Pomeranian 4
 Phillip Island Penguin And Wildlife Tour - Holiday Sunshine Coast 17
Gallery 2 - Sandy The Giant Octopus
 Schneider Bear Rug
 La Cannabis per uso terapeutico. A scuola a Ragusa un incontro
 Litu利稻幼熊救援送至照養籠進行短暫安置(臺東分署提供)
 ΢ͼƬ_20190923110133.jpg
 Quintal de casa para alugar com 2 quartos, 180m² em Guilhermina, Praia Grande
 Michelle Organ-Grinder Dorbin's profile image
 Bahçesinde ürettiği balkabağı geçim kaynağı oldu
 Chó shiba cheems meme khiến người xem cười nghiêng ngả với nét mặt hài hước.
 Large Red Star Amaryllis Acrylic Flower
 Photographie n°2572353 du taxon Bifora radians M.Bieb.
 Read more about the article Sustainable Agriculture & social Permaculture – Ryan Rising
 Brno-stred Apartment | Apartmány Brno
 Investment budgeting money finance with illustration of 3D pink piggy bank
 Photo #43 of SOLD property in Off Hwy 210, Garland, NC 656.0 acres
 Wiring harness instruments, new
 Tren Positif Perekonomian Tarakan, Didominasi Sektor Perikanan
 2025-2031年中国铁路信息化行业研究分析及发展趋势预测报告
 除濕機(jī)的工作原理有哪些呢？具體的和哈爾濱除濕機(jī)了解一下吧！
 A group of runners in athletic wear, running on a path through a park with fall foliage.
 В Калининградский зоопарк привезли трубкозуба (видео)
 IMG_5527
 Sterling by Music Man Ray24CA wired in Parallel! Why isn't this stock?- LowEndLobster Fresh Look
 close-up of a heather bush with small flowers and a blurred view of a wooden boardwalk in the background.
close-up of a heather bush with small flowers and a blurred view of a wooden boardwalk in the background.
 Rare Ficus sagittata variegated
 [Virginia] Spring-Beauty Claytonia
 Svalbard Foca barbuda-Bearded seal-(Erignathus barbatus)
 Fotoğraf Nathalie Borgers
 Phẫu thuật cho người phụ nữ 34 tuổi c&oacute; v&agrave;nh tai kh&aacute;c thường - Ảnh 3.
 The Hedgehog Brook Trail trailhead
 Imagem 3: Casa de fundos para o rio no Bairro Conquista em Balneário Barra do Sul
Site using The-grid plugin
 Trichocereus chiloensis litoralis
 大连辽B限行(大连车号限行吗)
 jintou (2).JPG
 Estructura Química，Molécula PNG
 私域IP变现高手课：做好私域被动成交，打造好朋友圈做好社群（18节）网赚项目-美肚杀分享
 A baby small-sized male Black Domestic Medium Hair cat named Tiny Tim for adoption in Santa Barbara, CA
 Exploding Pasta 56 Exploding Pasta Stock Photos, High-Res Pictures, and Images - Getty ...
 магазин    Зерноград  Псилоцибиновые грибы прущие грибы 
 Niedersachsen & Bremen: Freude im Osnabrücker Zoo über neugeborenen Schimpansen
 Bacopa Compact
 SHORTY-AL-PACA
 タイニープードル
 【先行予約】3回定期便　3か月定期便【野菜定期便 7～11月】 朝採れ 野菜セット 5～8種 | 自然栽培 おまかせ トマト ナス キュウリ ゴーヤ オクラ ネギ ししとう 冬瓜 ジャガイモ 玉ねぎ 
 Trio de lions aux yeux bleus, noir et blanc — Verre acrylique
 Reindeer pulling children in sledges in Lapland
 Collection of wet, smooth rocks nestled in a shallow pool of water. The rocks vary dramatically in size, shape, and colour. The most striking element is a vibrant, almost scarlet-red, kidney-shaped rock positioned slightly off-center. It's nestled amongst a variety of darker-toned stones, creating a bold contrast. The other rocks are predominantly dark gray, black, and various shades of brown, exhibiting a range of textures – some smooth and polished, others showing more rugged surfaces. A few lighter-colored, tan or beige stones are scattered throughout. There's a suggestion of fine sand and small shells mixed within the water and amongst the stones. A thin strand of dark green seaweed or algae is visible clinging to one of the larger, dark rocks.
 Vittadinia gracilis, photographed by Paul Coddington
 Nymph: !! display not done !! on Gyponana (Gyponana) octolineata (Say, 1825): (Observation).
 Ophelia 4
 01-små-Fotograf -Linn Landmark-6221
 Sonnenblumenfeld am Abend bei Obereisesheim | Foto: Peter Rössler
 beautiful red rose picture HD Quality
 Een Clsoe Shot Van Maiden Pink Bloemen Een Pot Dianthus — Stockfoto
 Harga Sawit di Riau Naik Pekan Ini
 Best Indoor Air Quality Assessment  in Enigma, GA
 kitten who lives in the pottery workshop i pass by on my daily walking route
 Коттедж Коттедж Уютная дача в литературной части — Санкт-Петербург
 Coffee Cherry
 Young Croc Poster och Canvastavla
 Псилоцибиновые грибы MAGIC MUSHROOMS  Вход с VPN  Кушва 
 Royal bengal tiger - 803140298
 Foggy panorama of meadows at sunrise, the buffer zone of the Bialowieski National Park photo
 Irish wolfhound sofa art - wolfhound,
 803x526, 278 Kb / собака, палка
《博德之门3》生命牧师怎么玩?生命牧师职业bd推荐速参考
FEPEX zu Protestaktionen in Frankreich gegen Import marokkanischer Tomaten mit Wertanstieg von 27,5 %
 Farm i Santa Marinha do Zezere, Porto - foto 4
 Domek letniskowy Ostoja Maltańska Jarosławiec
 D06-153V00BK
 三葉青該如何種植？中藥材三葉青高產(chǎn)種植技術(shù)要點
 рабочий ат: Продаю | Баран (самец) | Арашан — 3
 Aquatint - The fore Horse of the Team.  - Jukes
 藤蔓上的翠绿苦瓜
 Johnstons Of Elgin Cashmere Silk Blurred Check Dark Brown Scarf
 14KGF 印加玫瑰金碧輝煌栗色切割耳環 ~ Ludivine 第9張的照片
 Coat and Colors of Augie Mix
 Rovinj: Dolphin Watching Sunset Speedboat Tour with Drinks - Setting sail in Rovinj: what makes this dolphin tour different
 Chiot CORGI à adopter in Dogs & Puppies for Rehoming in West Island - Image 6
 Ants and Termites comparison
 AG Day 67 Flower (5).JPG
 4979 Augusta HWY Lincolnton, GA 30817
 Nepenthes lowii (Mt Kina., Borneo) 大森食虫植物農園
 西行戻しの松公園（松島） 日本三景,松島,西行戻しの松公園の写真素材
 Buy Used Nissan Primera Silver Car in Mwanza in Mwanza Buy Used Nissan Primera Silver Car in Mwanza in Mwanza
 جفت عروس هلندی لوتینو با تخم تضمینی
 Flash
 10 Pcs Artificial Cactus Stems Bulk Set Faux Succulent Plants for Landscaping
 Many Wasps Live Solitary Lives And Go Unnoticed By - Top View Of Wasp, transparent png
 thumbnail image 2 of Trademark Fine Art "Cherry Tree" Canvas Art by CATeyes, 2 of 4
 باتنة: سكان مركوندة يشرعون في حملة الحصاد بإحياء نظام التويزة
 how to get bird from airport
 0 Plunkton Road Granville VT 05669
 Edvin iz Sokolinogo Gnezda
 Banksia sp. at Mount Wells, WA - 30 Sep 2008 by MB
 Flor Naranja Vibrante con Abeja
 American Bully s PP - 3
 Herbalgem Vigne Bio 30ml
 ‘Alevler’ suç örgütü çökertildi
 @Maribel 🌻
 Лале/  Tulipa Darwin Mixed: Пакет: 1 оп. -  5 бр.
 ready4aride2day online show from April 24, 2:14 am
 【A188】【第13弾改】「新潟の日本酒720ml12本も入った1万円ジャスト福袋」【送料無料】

- WHAT THIS TASK INVOLVES
Write out exactly the lines above between the line with "Bahçesinde ürettiği balkabağı" and the line with "Fotoğraf Nathalie Borgers", inclusive, and nothing beyond them.

- OUTPUT BELOW
 Bahçesinde ürettiği balkabağı geçim kaynağı oldu
 Chó shiba cheems meme khiến người xem cười nghiêng ngả với nét mặt hài hước.
 Large Red Star Amaryllis Acrylic Flower
 Photographie n°2572353 du taxon Bifora radians M.Bieb.
 Read more about the article Sustainable Agriculture & social Permaculture – Ryan Rising
 Brno-stred Apartment | Apartmány Brno
 Investment budgeting money finance with illustration of 3D pink piggy bank
 Photo #43 of SOLD property in Off Hwy 210, Garland, NC 656.0 acres
 Wiring harness instruments, new
 Tren Positif Perekonomian Tarakan, Didominasi Sektor Perikanan
 2025-2031年中国铁路信息化行业研究分析及发展趋势预测报告
 除濕機(jī)的工作原理有哪些呢？具體的和哈爾濱除濕機(jī)了解一下吧！
 A group of runners in athletic wear, running on a path through a park with fall foliage.
 В Калининградский зоопарк привезли трубкозуба (видео)
 IMG_5527
 Sterling by Music Man Ray24CA wired in Parallel! Why isn't this stock?- LowEndLobster Fresh Look
 close-up of a heather bush with small flowers and a blurred view of a wooden boardwalk in the background.
close-up of a heather bush with small flowers and a blurred view of a wooden boardwalk in the background.
 Rare Ficus sagittata variegated
 [Virginia] Spring-Beauty Claytonia
 Svalbard Foca barbuda-Bearded seal-(Erignathus barbatus)
 Fotoğraf Nathalie Borgers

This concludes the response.